Por uma pequena diferença de voto (de 20 a 25), o Senado irlandês aprovou uma lei que proíbe a importação de produtos de territórios ocupados.

O projeto de lei é sem precedentes para um estado membro da UE, mas ainda não é lei.

O projeto de lei do Senado prevê a proibição de negociar bens e serviços originários de territórios ocupados, baseando-se na 4a Convenção de Genebra relativamente à protecção de Civis em tempo de Guerra e sob o e direito internacional humanitário consuetudinário.

Este é o primeiro projeto de lei do gênero na UE. Para se tornar lei, deve ser ratificado pela câmara baixa do parlamento. Não é provável que isso aconteça, uma vez que o governo irlandês do Fine Gael quer uma resposta da UE em vez de medidas unilaterais.

O Ministério das Relações Exteriores da Irlanda acusou o Senado de “um boicote populista, perigoso e extremista contra Israel”. O ministro das Relações Exteriores, Simon Coveney, disse que o projeto de lei pode levar a uma escalada de conflitos no Médio Oriente. “O absurdo na iniciativa do Senado irlandês é que isso prejudicará a subsistência de muitos palestinos que trabalham nas zonas industriais israelitas afetadas pelo boicote”, disse Coveney.

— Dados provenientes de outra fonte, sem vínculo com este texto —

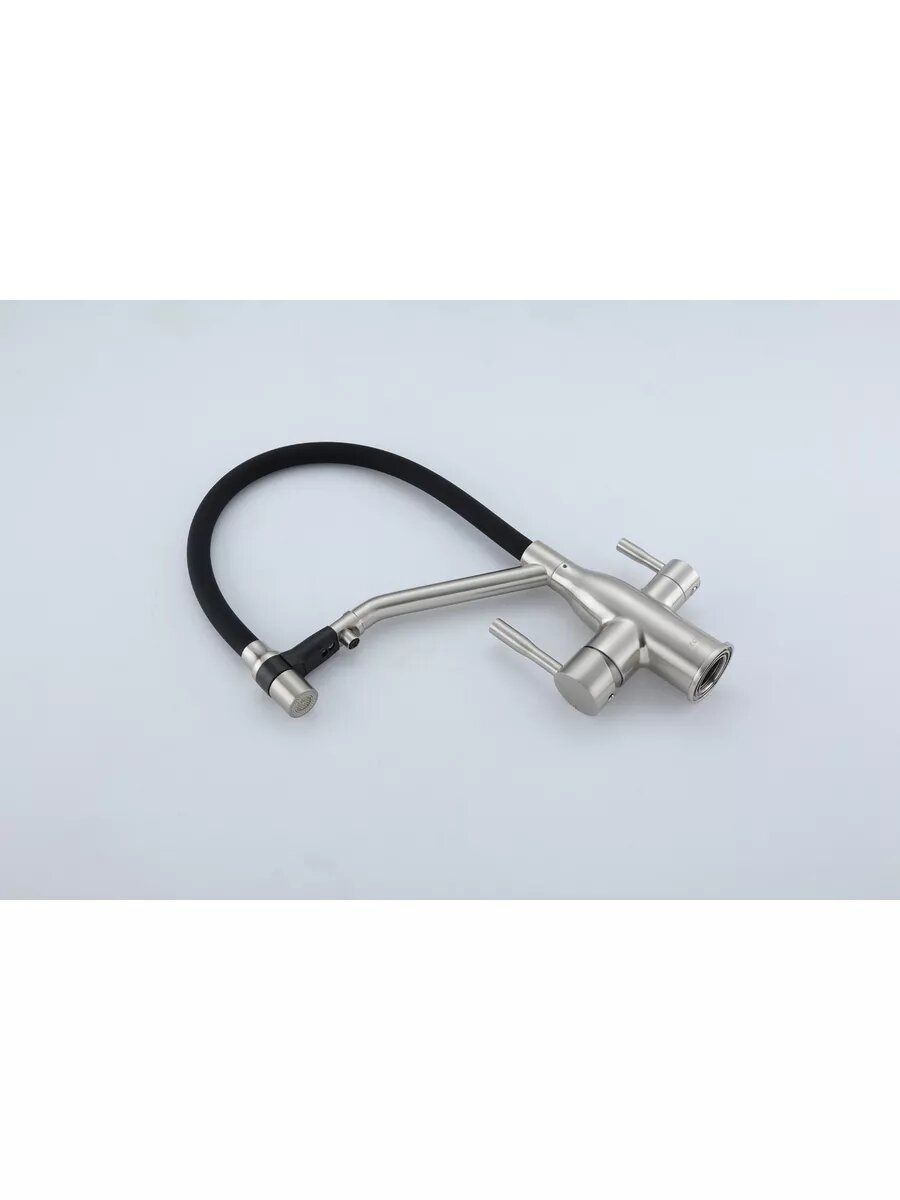 Смеситель Frap F4397-5, для кухни, дополнительный излив для фильтра, сатин — фото 1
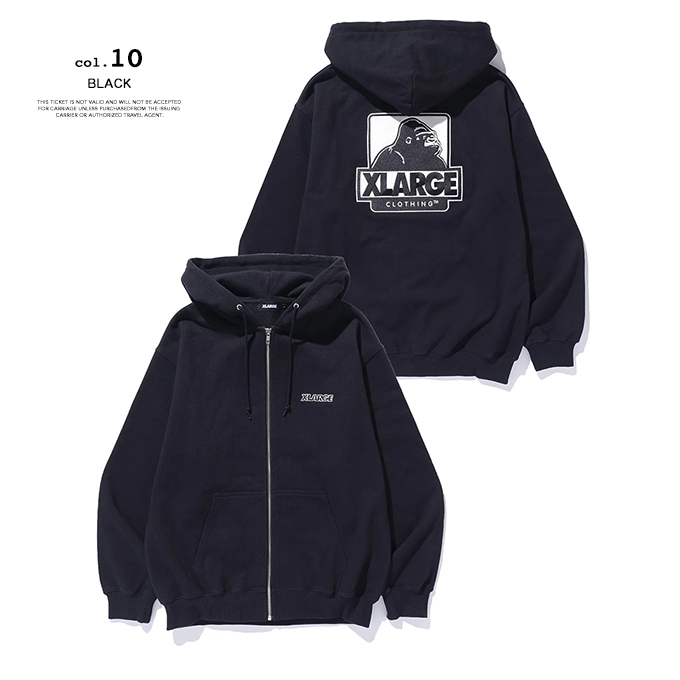 XLARGE（エクストラ ラージ） OG BOX ZIP UP HOODED SWEATSHIRT OG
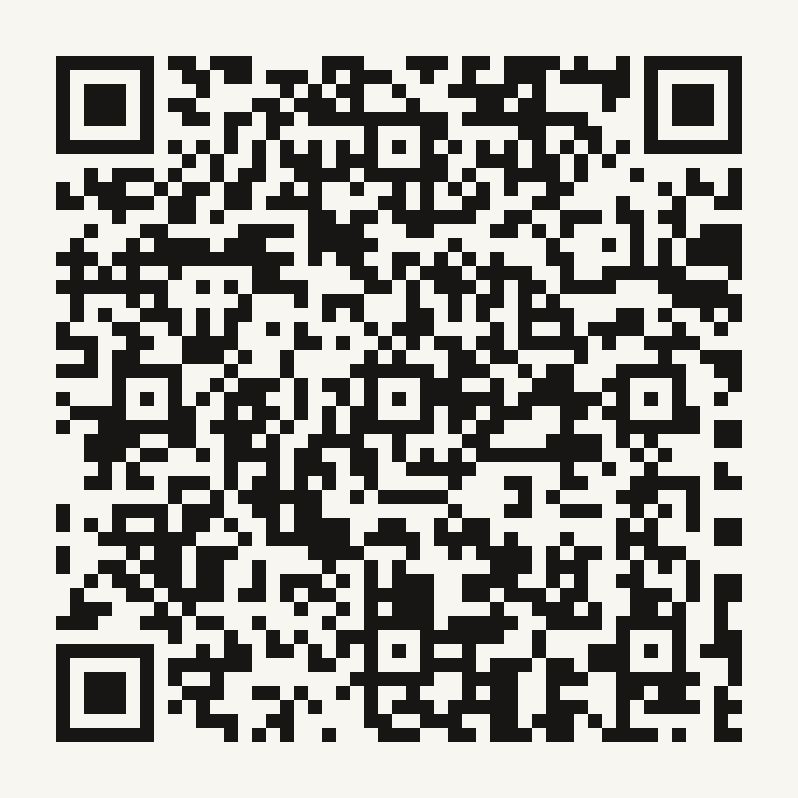 Kod QR do wystawienia opinii Google dla Studio Bikini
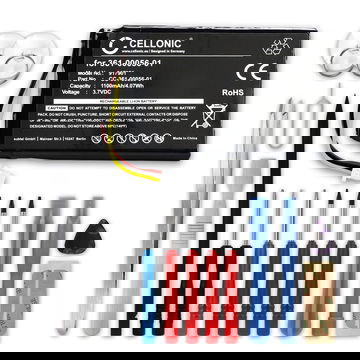 CELLONIC GPS Battery for Garmin Nüvi 42 53 65 2689 2699 2799 - 010-01211-01 + 17pc GPS Tool Kit 361-00056-01 1100mAh SatNav Sat Nav Battery Replacement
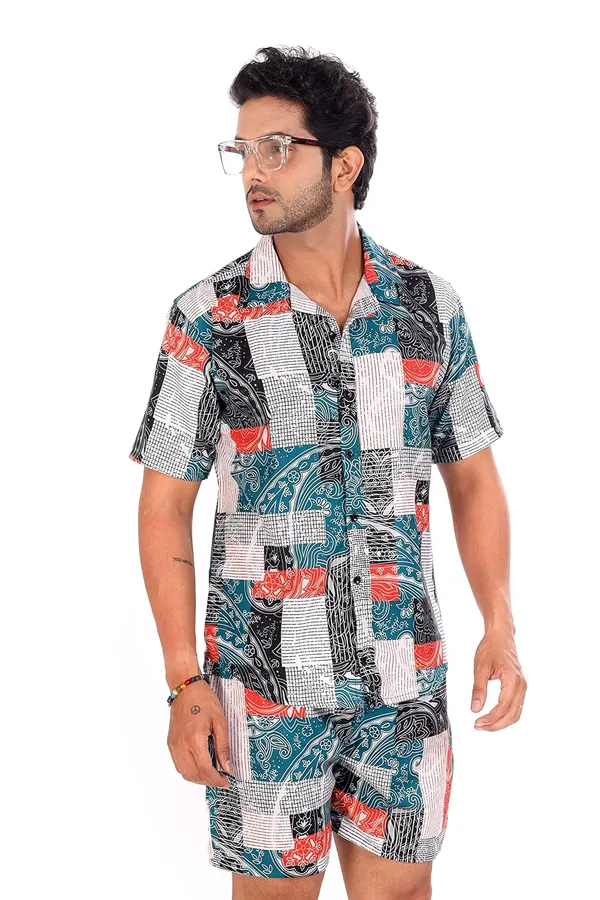 Green_Premium_Printed_Cotton_Blend_Night_Suit_For_Men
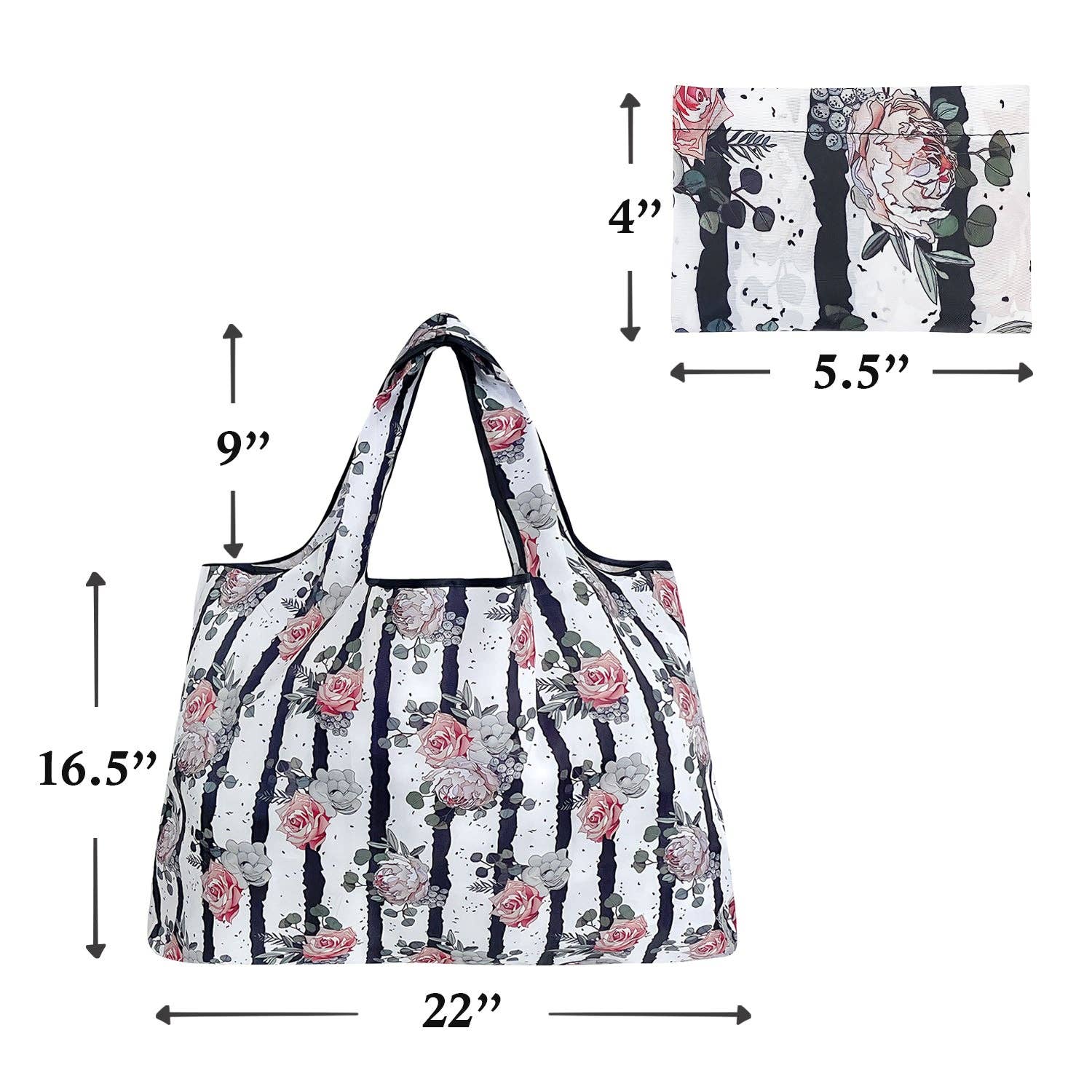 Wrapables.com - Vente Sacs de course/à provisions - Grand sac à provisions réutilisable en nylon écologique Wrapables48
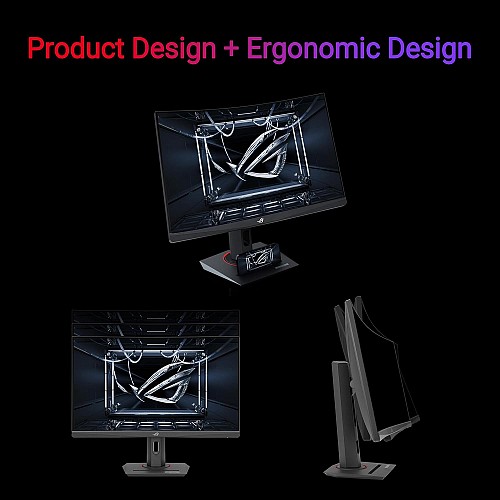 ASUS Monitor ROG Strix Gaming 27 2K Curved 180Hz HDR USB-C Ergonomic XG27WCS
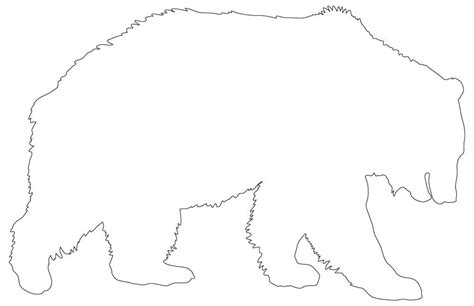 bear template  printable coloring page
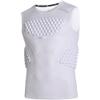 COOLOMG Mens Padded Compression Shirts Baseball Chest Rib Protector Football Rugby Softball Heart Sternum Guard White XL view 1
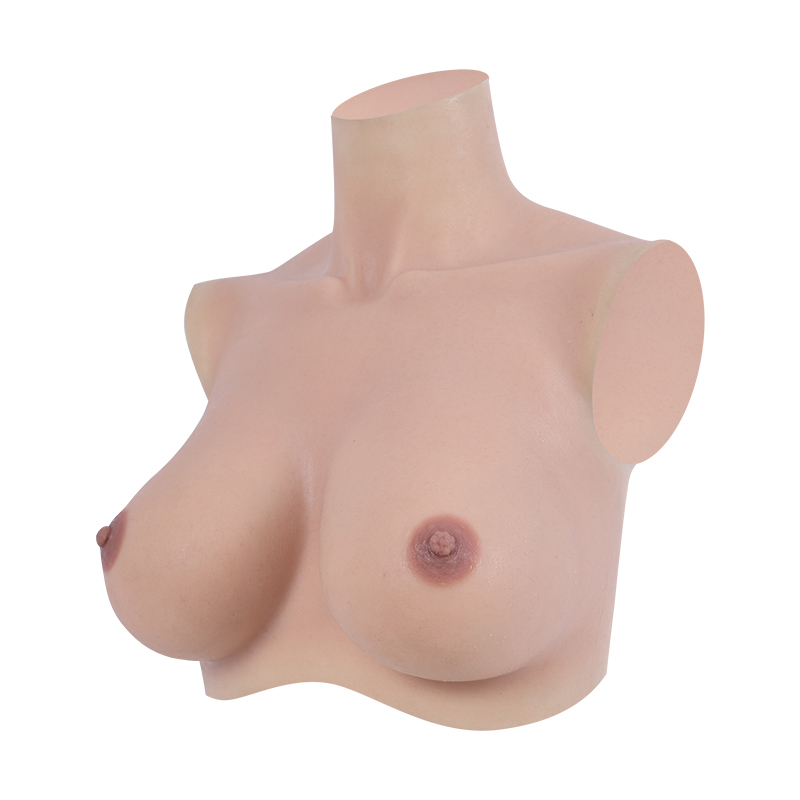 ROANYER E カップイーストウエスト型ブレスト シリコンバスト 女装 おっぱい 人工乳房 偽乳 仮装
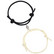 Rannekoru, Black & White Couple Bracelet with Ball -rakkauskoru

O mesmo raciocínio é usado quando se fala nos territórios ocupados do Sahara Ocidental por muitos políticos pró-marroquinos que dizem que desenvolver o investimento estrangeiro nos territórios ocupados melhoraria o sustento da população saharaui. Um argumento que foi usado durante séculos pelas potências colonialistas européias e que não é nada mais é do que uma má desculpa.

Todas as partes, exceto a decisão Fine Gael endossaram o projeto.

A Irlanda importa uma série de produtos agrícolas e cosméticos, incluindo os produzidos pela Ahava, de Israel, bem como produtos de peixe enlatados do Sahara Ocidental.

O Ministério das Relações Exteriores de Israel disse que o projeto teria um impacto negativo nos processos diplomáticos e disse que está a monitorizar o desenvolvimento do projeto antes de responder; a Organização de Libertação da Palestina elogiou a medida como “corajosa”. Não há nenhuma reação até ao momento das autoridades marroquinas.